◆ DATASET RECORDS:
- - -

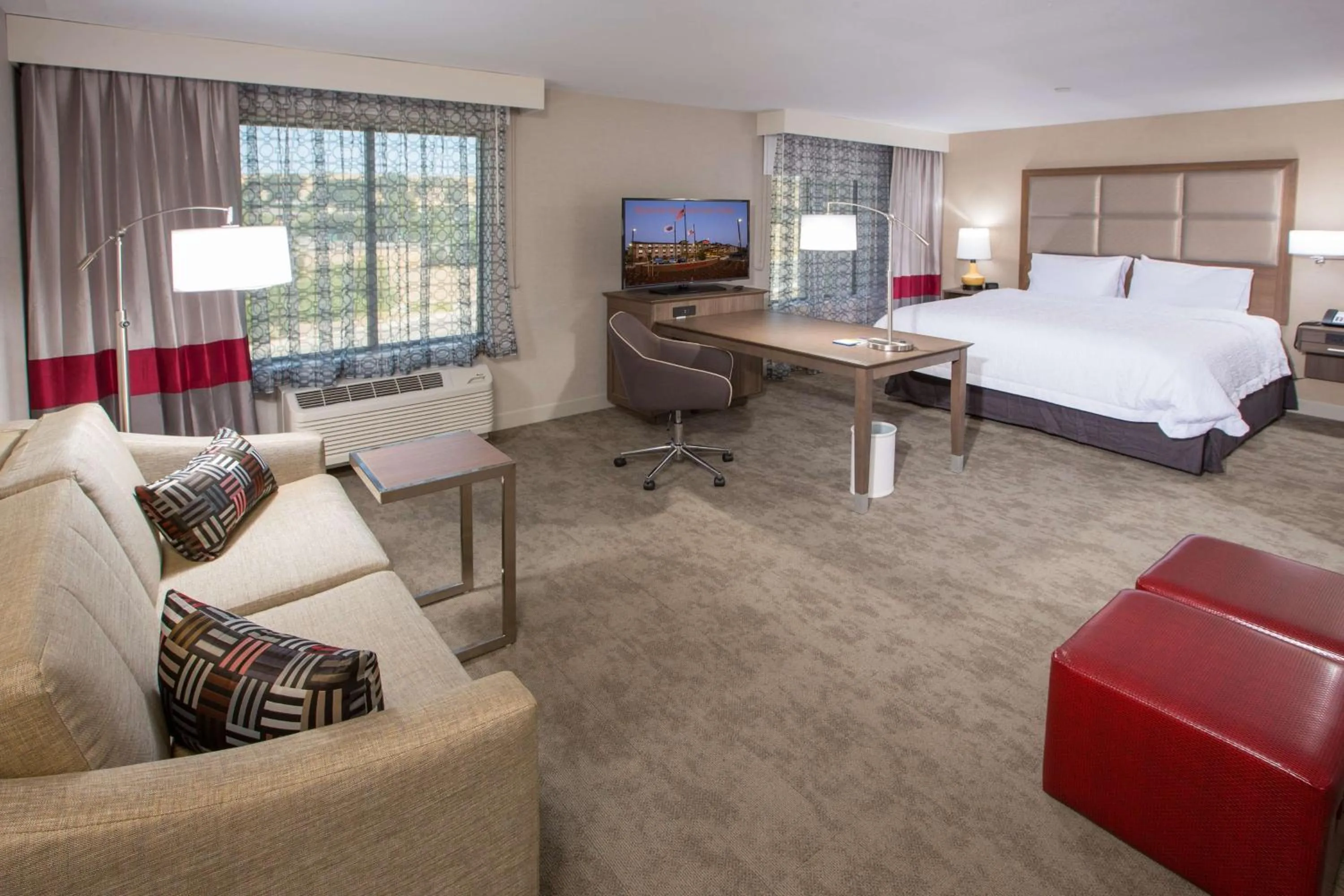King Studio Suite with Mountain View - Non-Smoking in Hampton Inn & Suites Buellton/Santa Ynez Valley, Ca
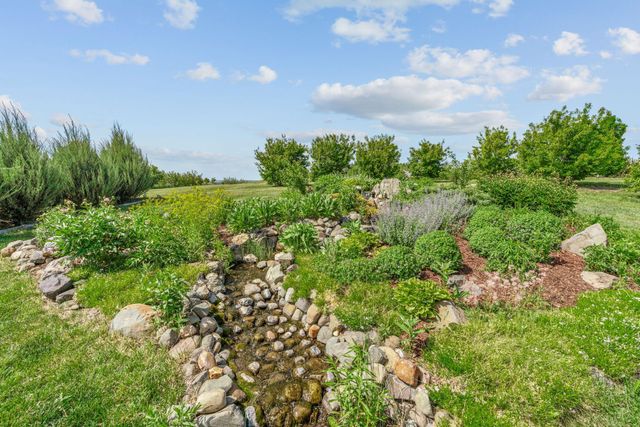 32457 Alexander Court, Northfield, MN 55057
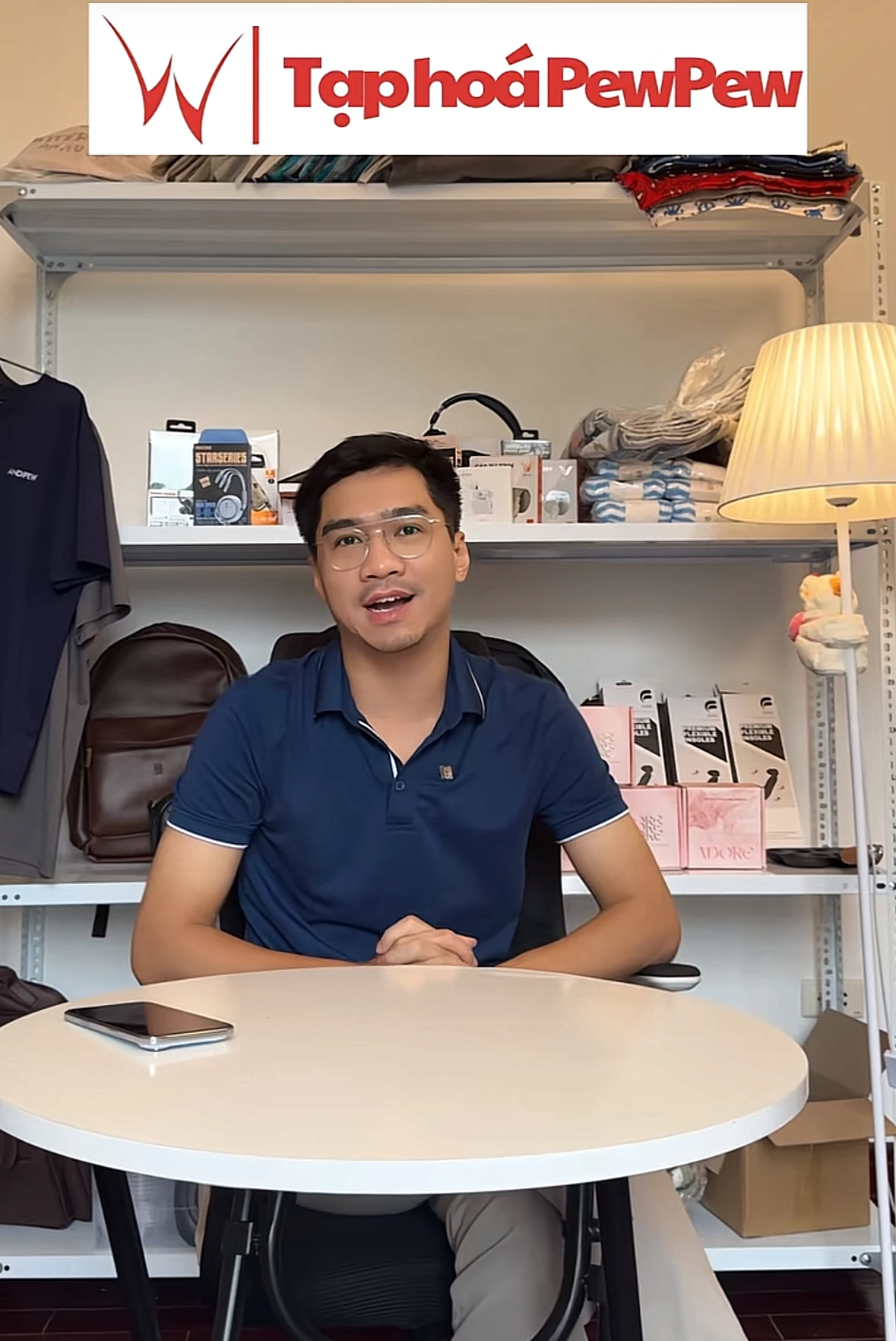 Người nổi tiếng mở chuỗi bánh mì, giặt ủi ở TP.HCM, Hà Nội: Từng trắng tay bán xe máy trả nợ, cưới vợ về vẫn ở nhà thuê - Hình 1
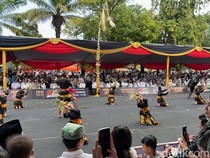 Foto: Warna-warni Busana Banyuwangi Ethno Carnival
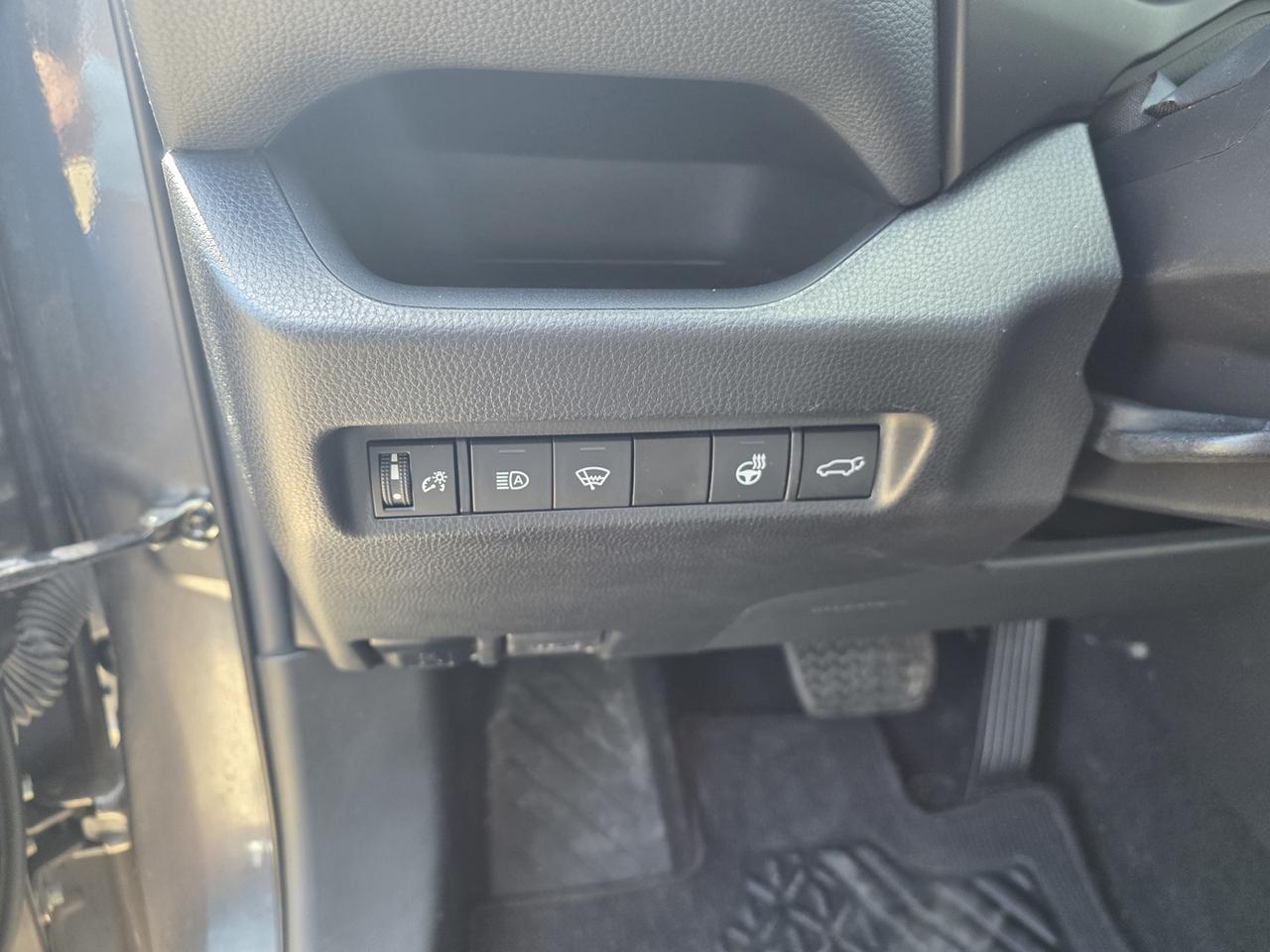 2021 Toyota RAV4 XLE AWD Photo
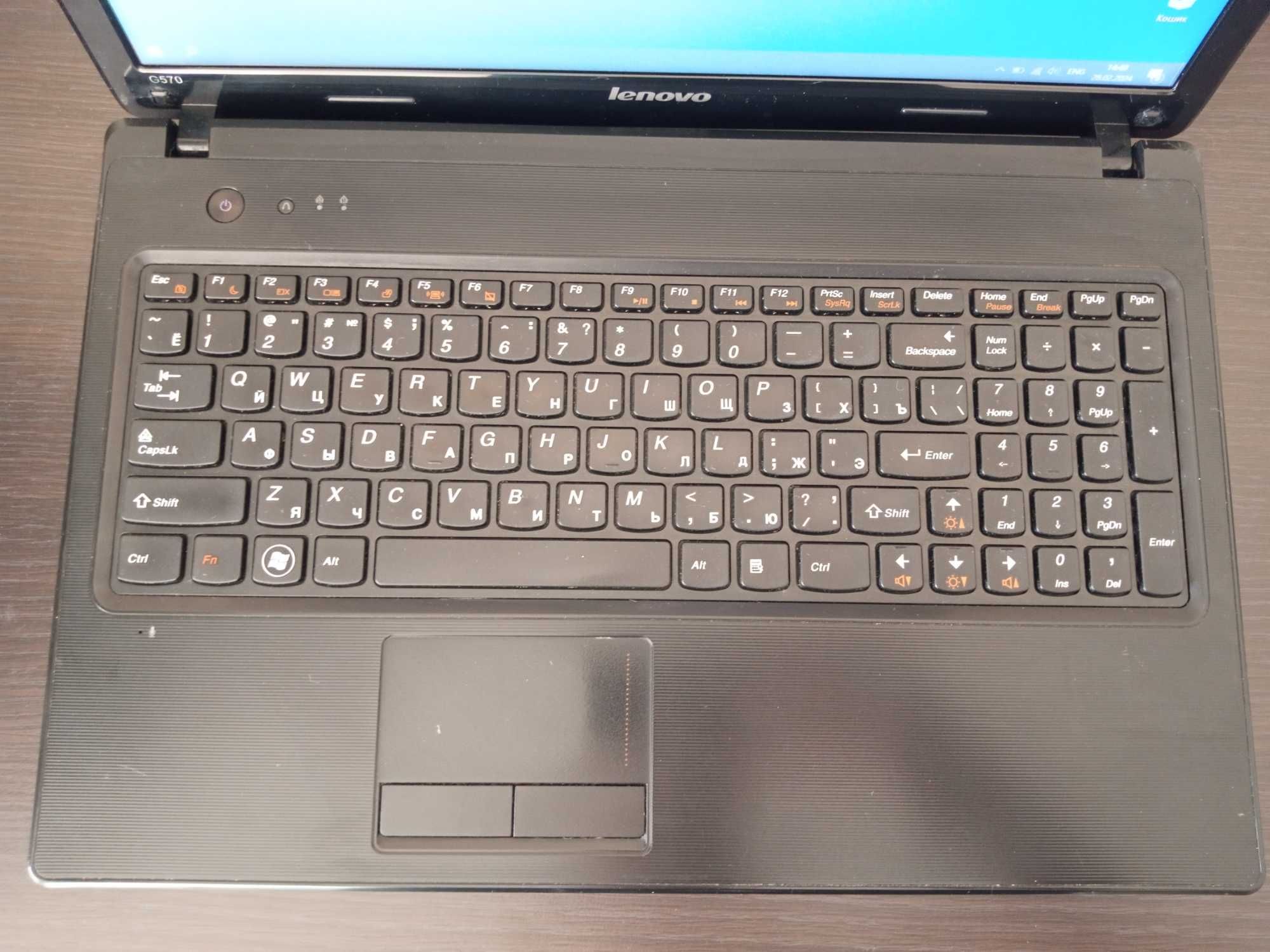 Lenovo G570 / матовий 15,6" / intel core i3 / 8 Gb / 500 Gb HDD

- - -

◆ TASK DETAILS: Pictures are to be omitted from the copy. Reproduce exactly, and only, the lines from the one containing "2021 Toyota RAV4 XLE AWD Photo" to the end of the listing above.

◆ ANSWER SPACE:
 2021 Toyota RAV4 XLE AWD Photo
 Lenovo G570 / матовий 15,6" / intel core i3 / 8 Gb / 500 Gb HDD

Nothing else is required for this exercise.